Cada año, cuando el aislamiento del frío se despereza y se barruntan asomos de primavera, las tardes de los domingos alcanzan su estatuto natural, la hegemonía del tiempo hueco. La sugestión del crepúsculo se eterniza desde primeras horas, con una luz estéril y extendida, como una foto fija del edén, exhibiendo el anuncio de un ocio extenso que se expande en la atmósfera: el hastío. Pandillas de adolescentes se aburren por los rincones asimétricos del diseño urbanístico y, desde la inercia, conjuran el cultivo de la sumisión genética con ensayos veniales de rebeldía sinvergüenza.

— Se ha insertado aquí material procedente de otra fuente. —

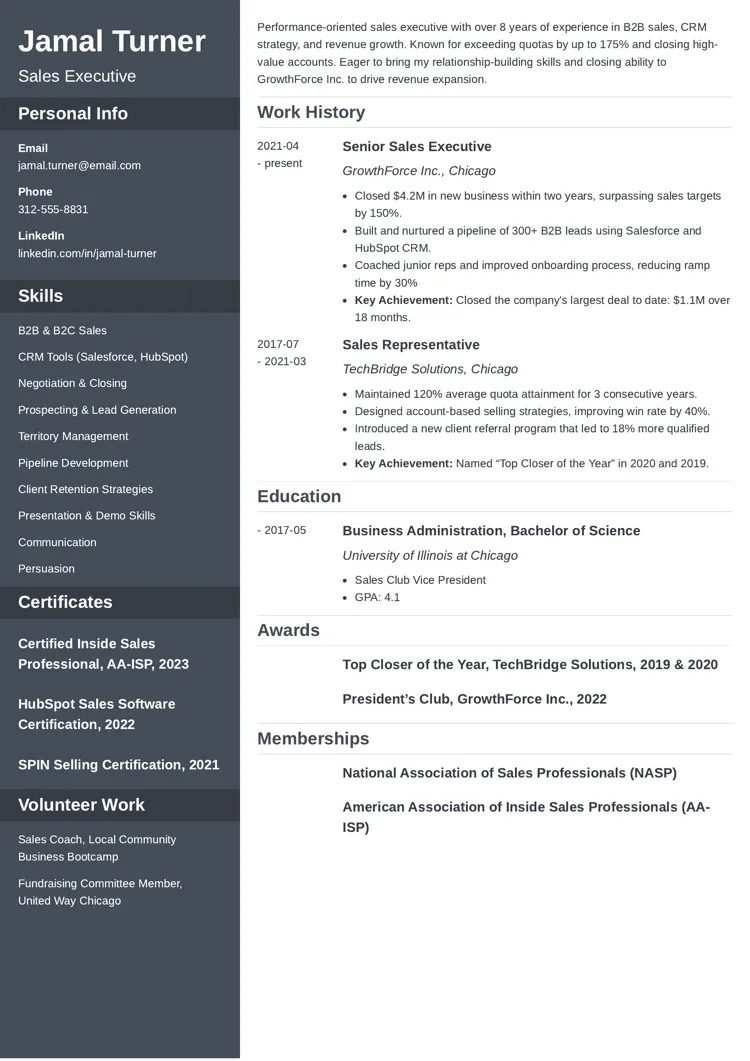 Sales Resume Example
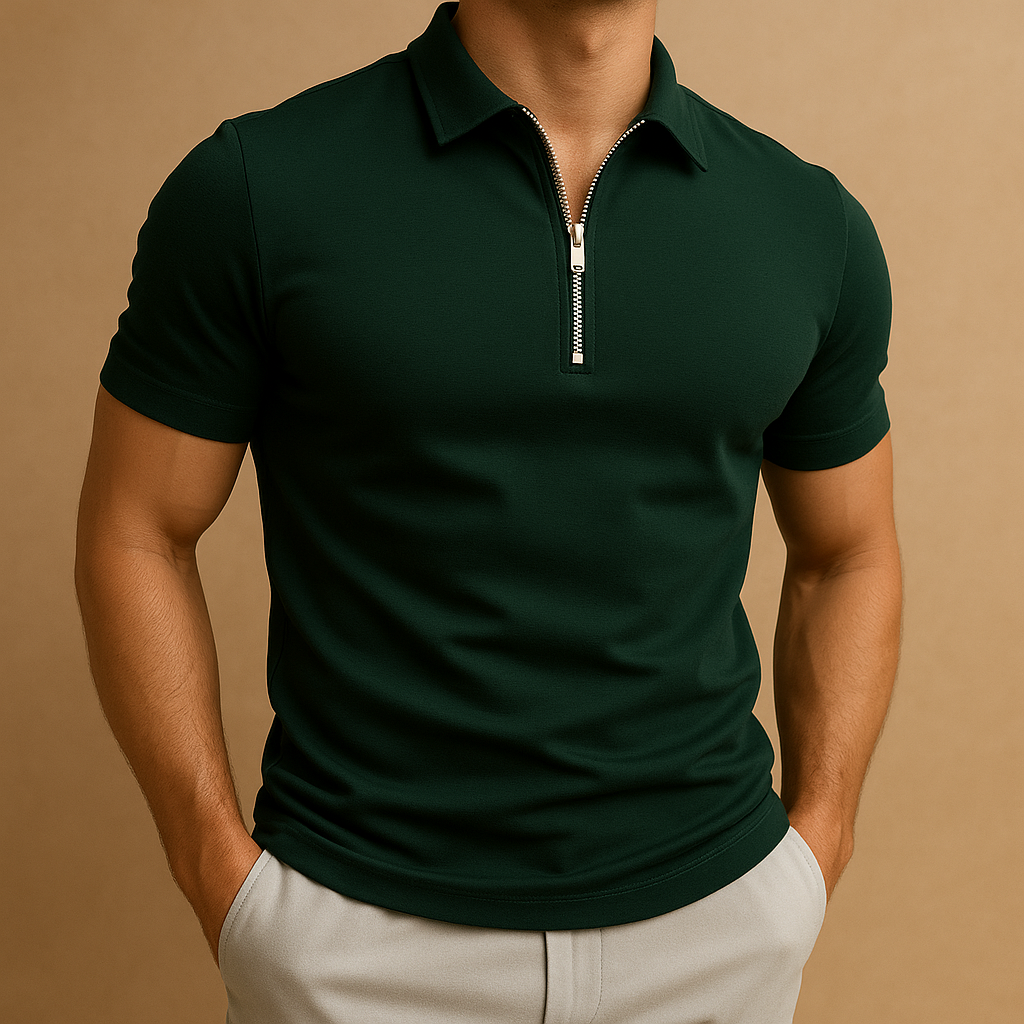 Herren Polo Shirt Reißverschluss Modern
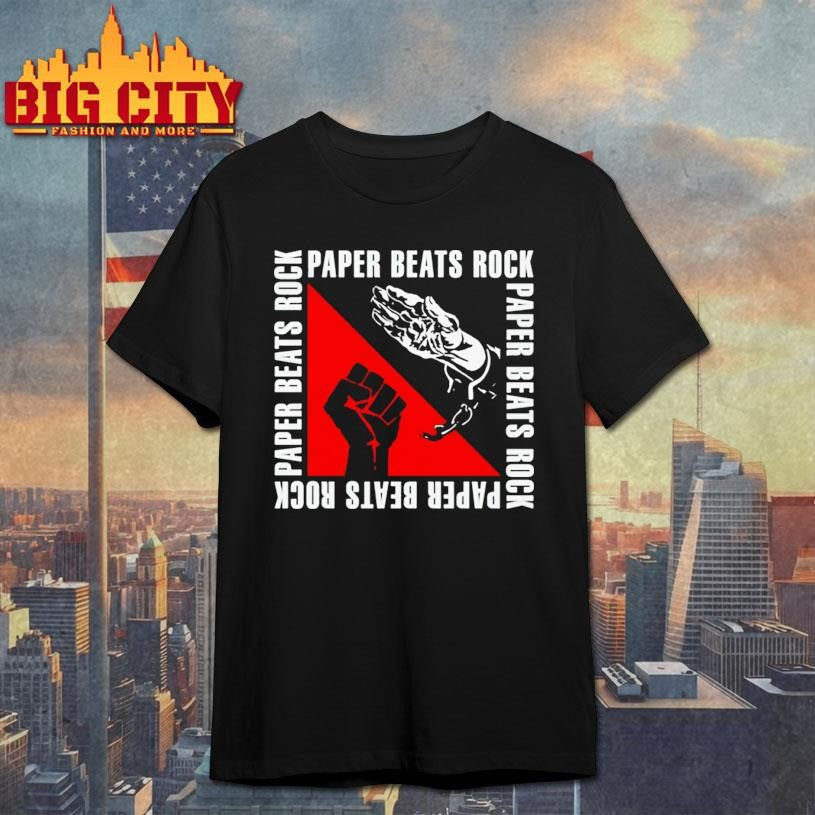 Paper Beats Rock Red And White Shirt Unisex T-shirt, Sweatshirt, Hoodie, Long Sleeve Tee - T-Shirt, Sweatshirt, Hoodie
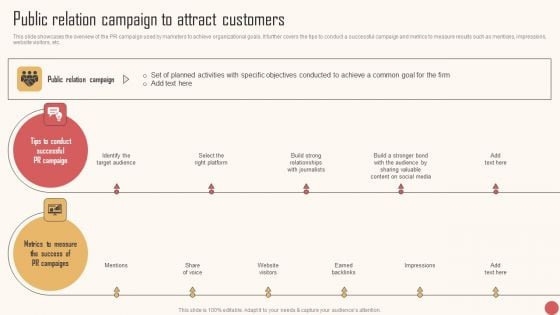 Public Relation Campaign To Attract Customers Introduction PDF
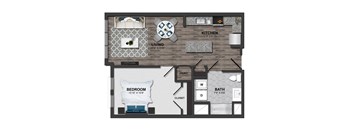 1 Bed/1 Bath 60%-1Y-HC (m254aa20)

Llega la turba gentil del día de campo y sol, bajan rojos y desaliñados de los coches, ahítos de holganza, mientras la radio desgrana, como un rosario infame, las voces variantes y exhaustivas del carrusel. Ciertamente, las tardes de los domingos son la imagen legítima del paraíso y la evidencia más clara de su inutilidad. Porque el hombre no ha nacido para habitar paraíso alguno, ni terrenal ni celestial, incapaz de representar las venturas de una gloria eterna, ha imaginado mandamientos contra los que sublevarse y alegorías de manzanas con que transgredir la prohibición original. Reduce el hombre, pues, apenas, con desolación, los contornos del edén o la frontera a liberación laboral: tarde de domingo interminable. Aunque las magnitudes son incomparables, los destinos del espíritu esgrimen la multiplicación de una hipérbole, la elevación a potencia infinita del breve periodo de tiempo que se concibe y se vive como una pausa, un tránsito del infierno al infierno, que sí es tiempo continuo y tiempo humano, el tiempo permanente de la desidia y el dolor.